One of the most effective ways to ensure your faculty is on time, on target, and compliant is to establish boundaries and set clear expectations early in the planning process. Detailed faculty planning calls can help to set reasonable roles and expectations and streamline follow-up communications.

Ask your faculty how they prefer to communicate. A tech-savvy physician may balk at the thought of receiving faxes but be willing to respond instantaneously to text messages. Consider using e-mails, letters, faxes, calling campaigns, and texts. You may get the best result using a combination of methods—shoot off an e-mail right after the call saying you will follow up more formally when you send the disclosure form the following week. Thank them in advance for their cooperation, include your most important needs, and let them know they can call you if they have any questions. You can also reinforce your message by following up e-mails with a phone message. Effective communications
can help you turn around an absent-minded physician before it’s too late.

It’s also important to be concise and direct. Nobody is going to make sense of a rambling 10-paragraph e-mail, with the true agenda hidden on line 137—especially not an "Eight Days A Week" faculty member (click here for our categorization of problem faculty types by their Beatles song titles). Call out tasks in a bulleted format, and use highlighting or bold type to quickly identify your request. One accredited provider uses a memo format that starts off with a bold line, stating “ACTION REQUESTED” right up front.

Absentee faculty members can remain elusive. After the faculty planning call, document their agreement to all critical deadlines, responsibilities, and deliverables. When a faculty member has agreed to these roles and responsibilities early on, you can remind him or her of this when reaching out to collect appropriate materials.

Deadlines should be set with as much flexibility as you can
afford. However, you can keep the true “drop-dead” date secret—due dates for external players, such as faculty, can always be padded for your own peace of mind.

There are multiple tools and methods for collecting faculty materials.

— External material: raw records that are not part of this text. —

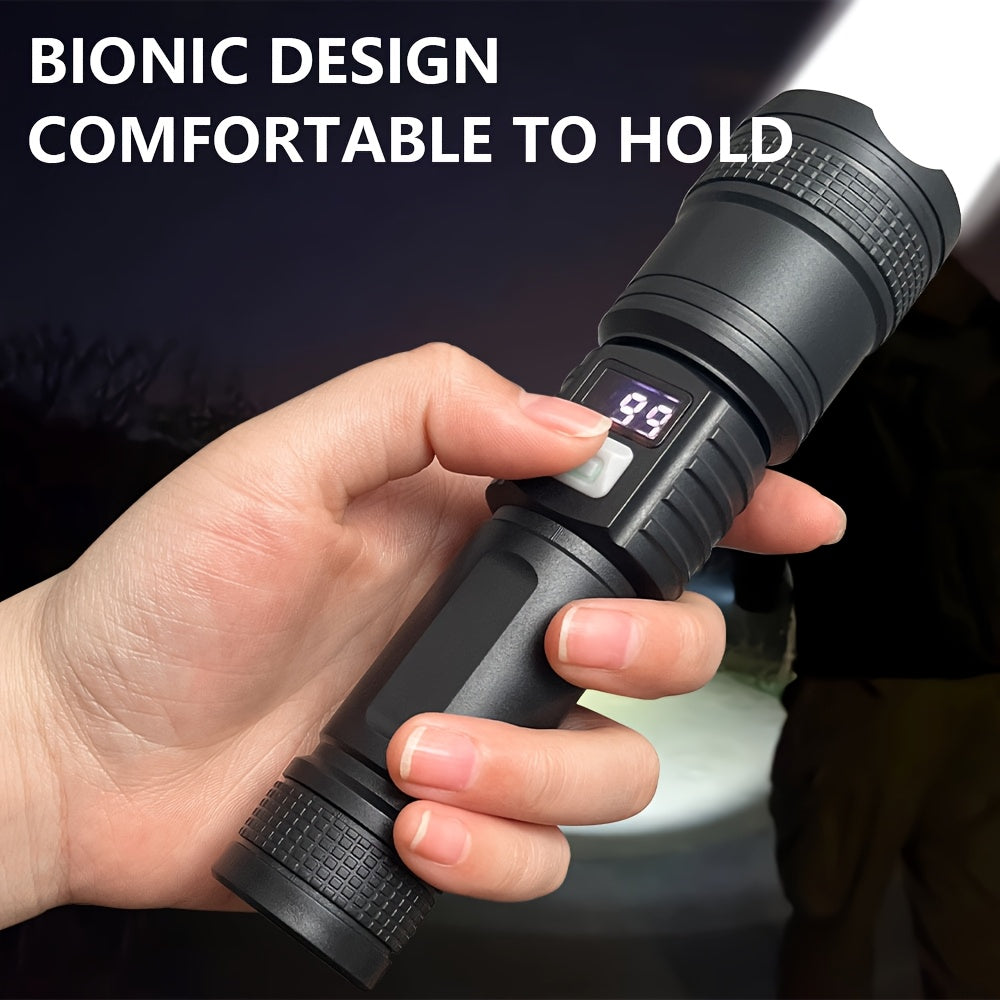 1Pc Super Bright Tactical Rechargeable LED Flashlight, 3 Lighting Modes, Digital Display Screen, Durable & Long Lasting, Ideal for Outdoor Enthusiasts, Hiking, Hunting, Camping and Other Lighting Needs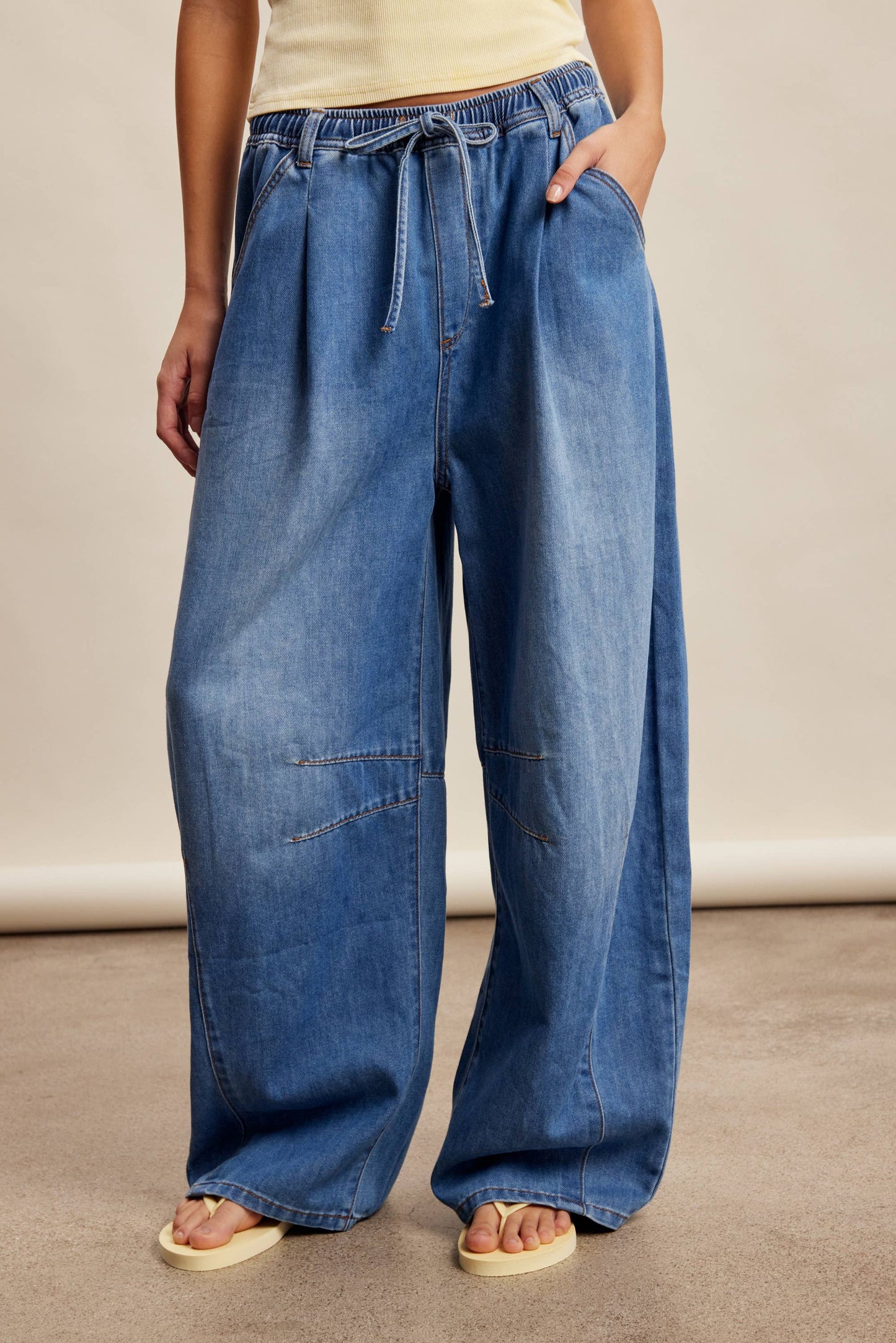 Darcy Drawstring Wide-Leg Denim Pants ~ Drift Blue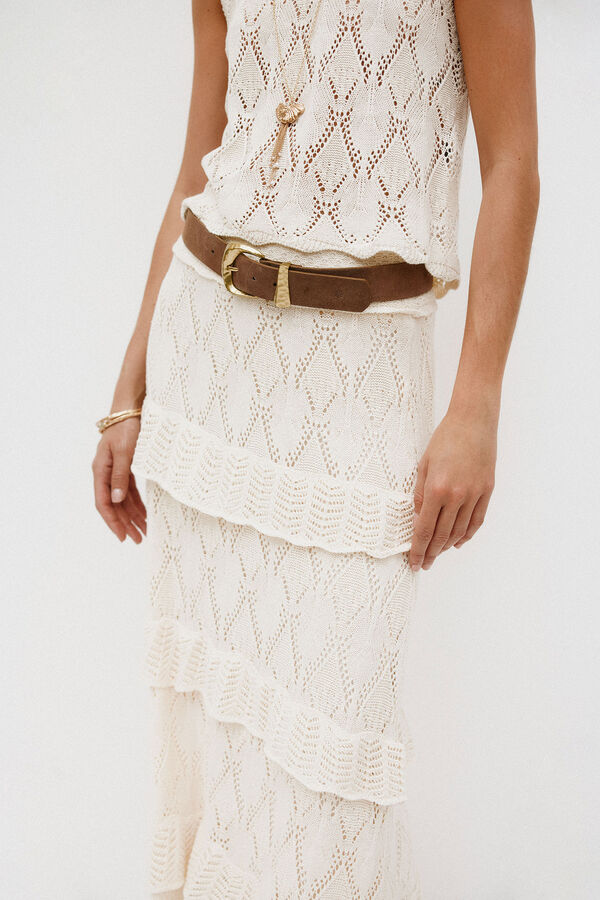 Hoss Intropia Raquel. Falda midi tricot Beige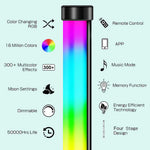 lampe sol rgb moderne multicolore télécommande application mobile pied triangle
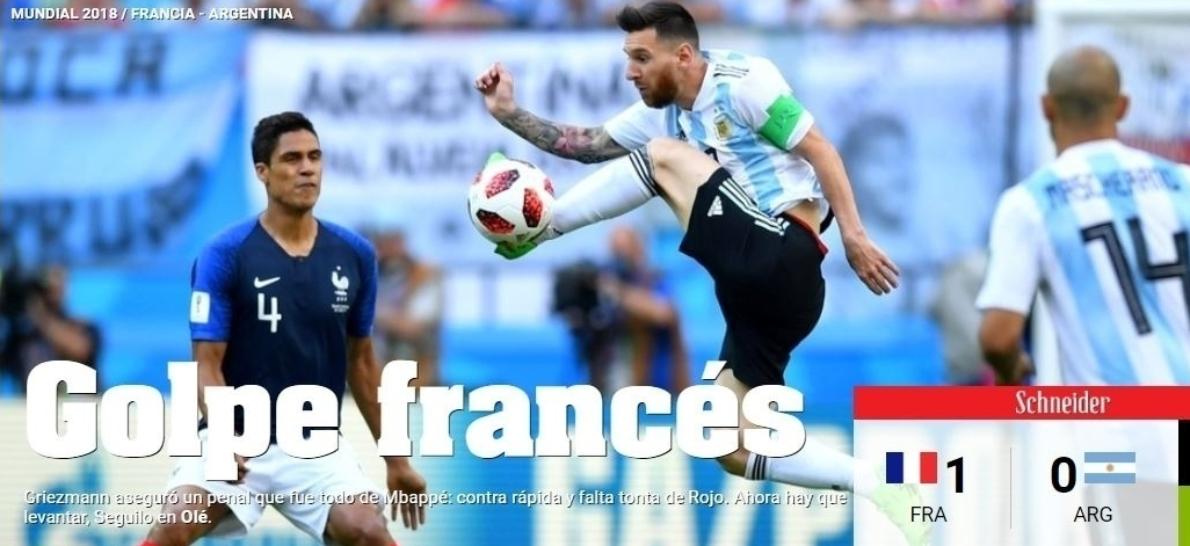 Jornal Olé vive montanha russa de emoções na eliminação da Argentina - Reprodução/Olé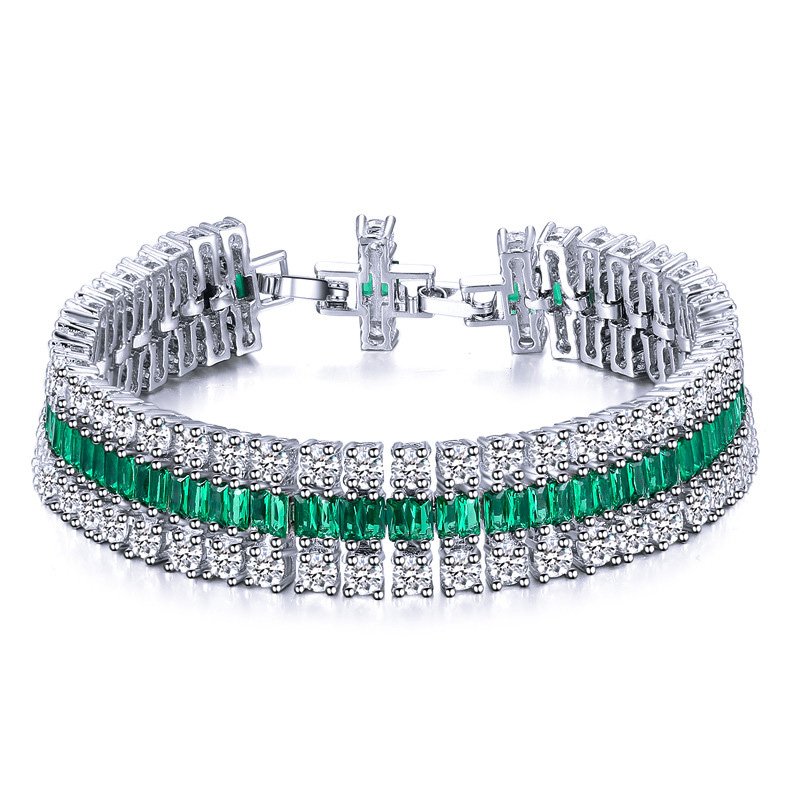 VENUSACC Green Stone Rhodium Plated Brass Bracelet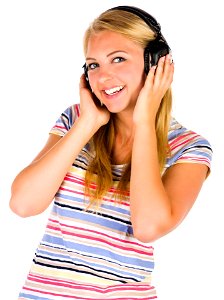 Woman Girl Headphone Music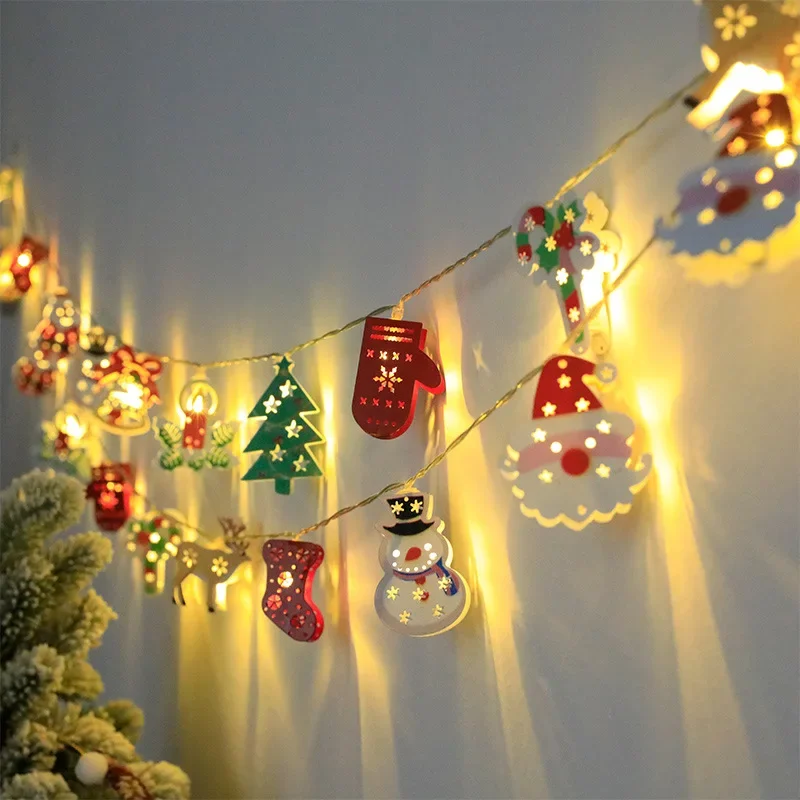 Guirnalda de luces LED, guantes de cervatillo, guirnalda de campana, luz que funciona con pilas, decoración para sala de estar, dormitorio y jardín, Lámpara decorativa de hierro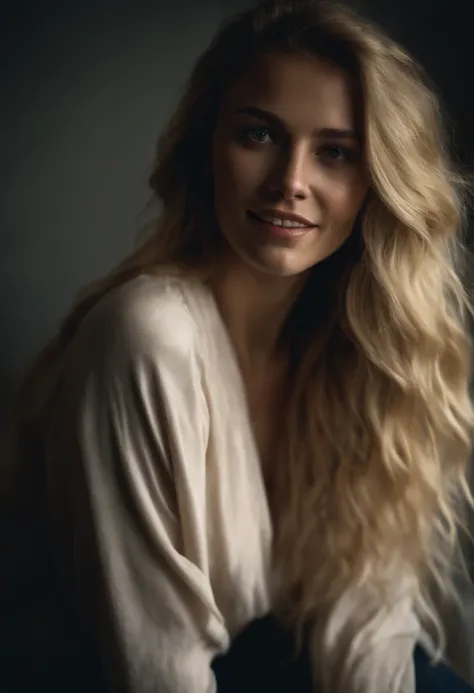 , editorial photograph of a 23 year old woman with long blonde hair), (highly detailed face:1.4) (smile:0.7) (background inside dark, moody, private study:1.3) POV, by lee jeffries, nikon d850, film stock photograph ,4 kodak portra 400 ,camera f1.6 lens ,r...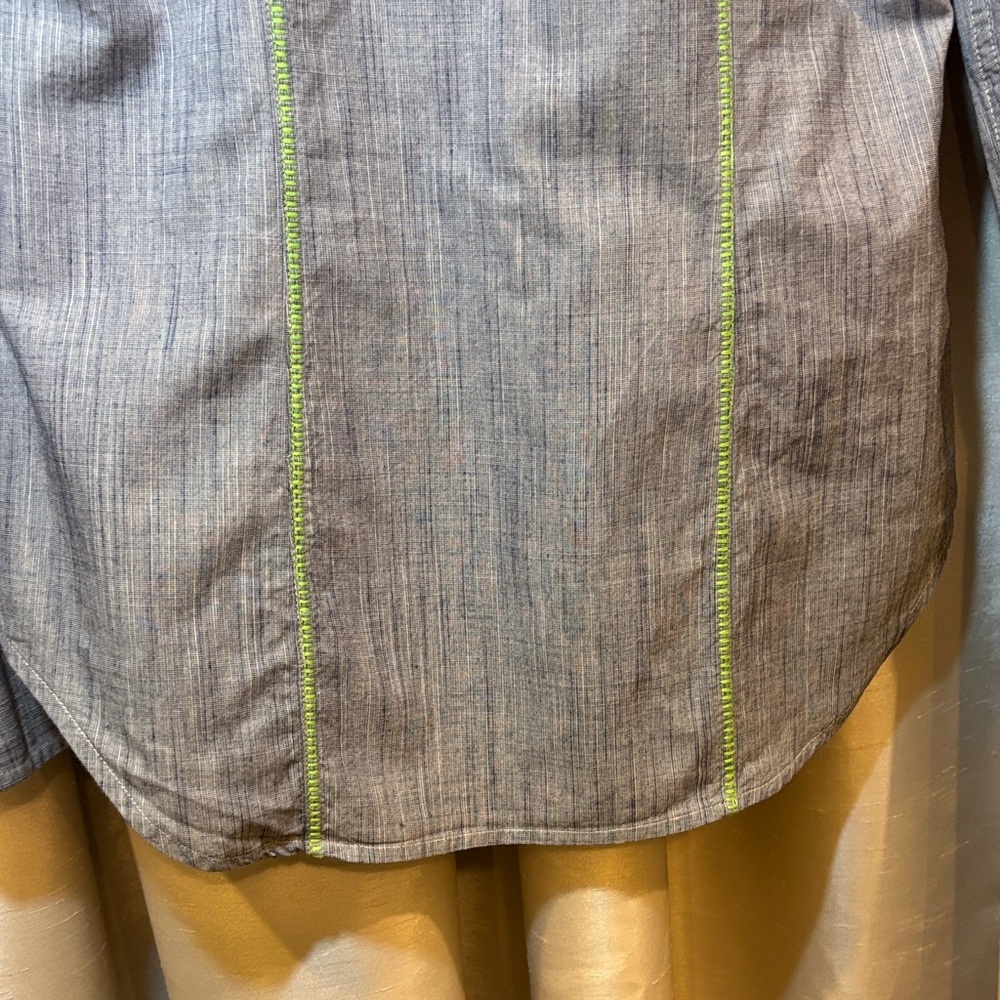 Rock & Roll Cowgirl Chambray button down Western Shirt, Rodeo, small - Picture 11 of 13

You can use electronic methods to send automatic disclosure-submission reminders, and to be notified when the tasks have been completed—and you don’t have to worry about having to make assumptions when deciphering prescription-style handwriting.

Educational content can get stuck in cyberspace when large, file-sized slide decks cause e-mail failures. You can use Web links, and free Internet file-sharing services to take the guesswork out of sending and receiving large files. You can ensure you will receive the materials you need, when you need them, by using a secure FTP site that is checked daily and shared with the faculty, along with submission-deadline e-mail reminders.

All these steps take extra work and time that surely none of us can afford—why not lean on your resources to help? Your administrative staff are adept at following up with e-mail and call reminders; and your project coordinators can help to manage the timeline of content submission and retrieval of materials. When all else fails, a problem faculty member will often respond to a personal e-mail or call from the “big guns”: your company president, university dean, society committee chairperson, or CME committee leader.

It can also be very useful to ingratiate yourself with your faculty member’s direct assistant. We have had great success reaching faculty immediately following a quick “happy holidays” or “happy birthday” call to a course director’s executive assistant. These critical support staff can perform miracles in short order.